I love the name. I love saying it. 


Forsythia.


It almost sings when you say it out loud–like “Maria” in the West Side Story song.


🎶Forsy–thia…and suddenly the name will never be the same to me.🎶


Right now, in Down East Maine, the forsythia are in their full expression. What followed was greener grass that just yesterday seemed patchy brown. Today, the buds on the trees outside my window have popped rusty reds. Lime greens will peak soon-those trees still hold tight to their buds. 


Today, azaleas took their cue from forsythia. It’s time to come out and show off your beauty like a male wild turkey fanning his colorful feathers. It was just a week ago, when the forsythia buds came out, while mud season still lingered, and no one would be too surprised to wake to a dusting of snow. 


But drive into town now, and you can’t help but notice the bursts of yellow, on likely manicured lawns, and unlikely places like alongside a dilapidated trailer. There’s a remarkable explosion every year near Archibald’s, our only gas station/convenience store. It’s one of my favorites, how it shows up smack in sight after rounding a curve on a hill.


Even though we all know this is not new news. How forsythia arrives, then the tree buds, then the azaleas, it seems brand new and fresh every spring.


I always assumed forsythia was Latin for something hopeful — sunshine, perhaps, or happiness. But I looked it up and discovered it was named after William Forsyth, a 1800s botanist.


Still, despite its ordinary origin, the bush itself has been soothing spring-starved souls for more than two hundred years.


What’s interesting is that forsythia isn’t native to the United States at all. The bright yellow bushes actually came from East Asia — mostly China and Korea. Plant hunters carried them to Europe in the 1800s because people were captivated by how early they bloomed, flowers appearing before leaves like little bursts of sunlight after winter. Eventually, they made their way across the ocean to America, where they settled especially well in the Northeast.
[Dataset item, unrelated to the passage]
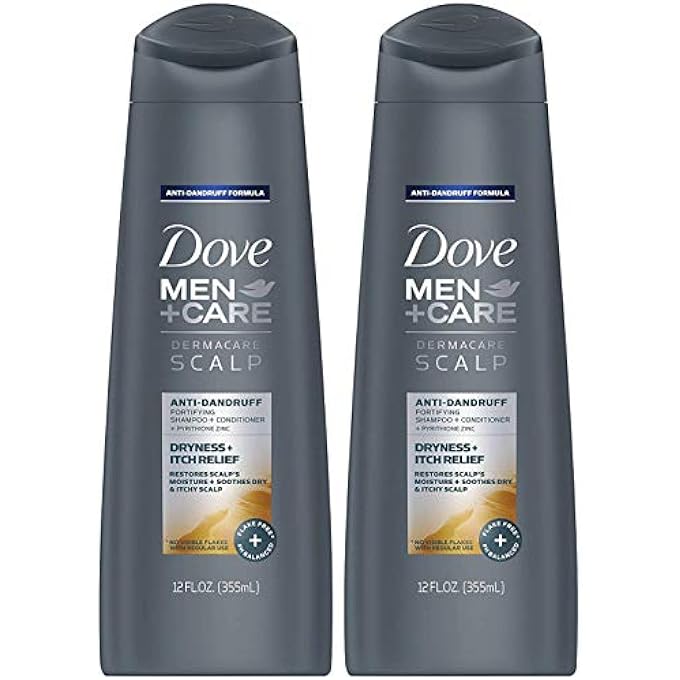 Dove MEN + CARE DERMACARE SCALP - ANTI-DANDRUFF SHAMPOO + CONDITIONER 2 IN 1 - DRYNESS + ITCH RELIEF - NET WT. 12 FL OZ (355 ML) PER BOTTLE - PACK OF 2 BOTTLES - Image 1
And honestly, that feels fitting.


A shrub carried across oceans because people longed for color at the end of winter.


The springs when I drove south on Interstate 95, one of the exciting parts was the forsythia sightings becoming more frequent the farther south I traveled. At first, just a bush here and there in southern Maine. Then pockets of yellow in New Hampshire. Then whole roadsides glowing farther down the interstate. It felt like driving toward spring itself.


Maybe that’s part of why people love them so much here. They don’t arrive at the fullness of spring. They arrive during the argument between winter and spring.

Right when people need proof that the season really has changed.

It’s like we can finally lay down all the faith we carried through winter — the faith that the dark and cold would not last forever.

No more 3:00, 4:00, 5:00 sundowns. No more stepping outside into air so cold it feels metallic in your lungs.


Forsythia returns as the first proof.


And we breathe in the cheeriness and aliveness of forsythia because it can’t be helped.

And before you exhale, you already feel spring opening up inside yourself.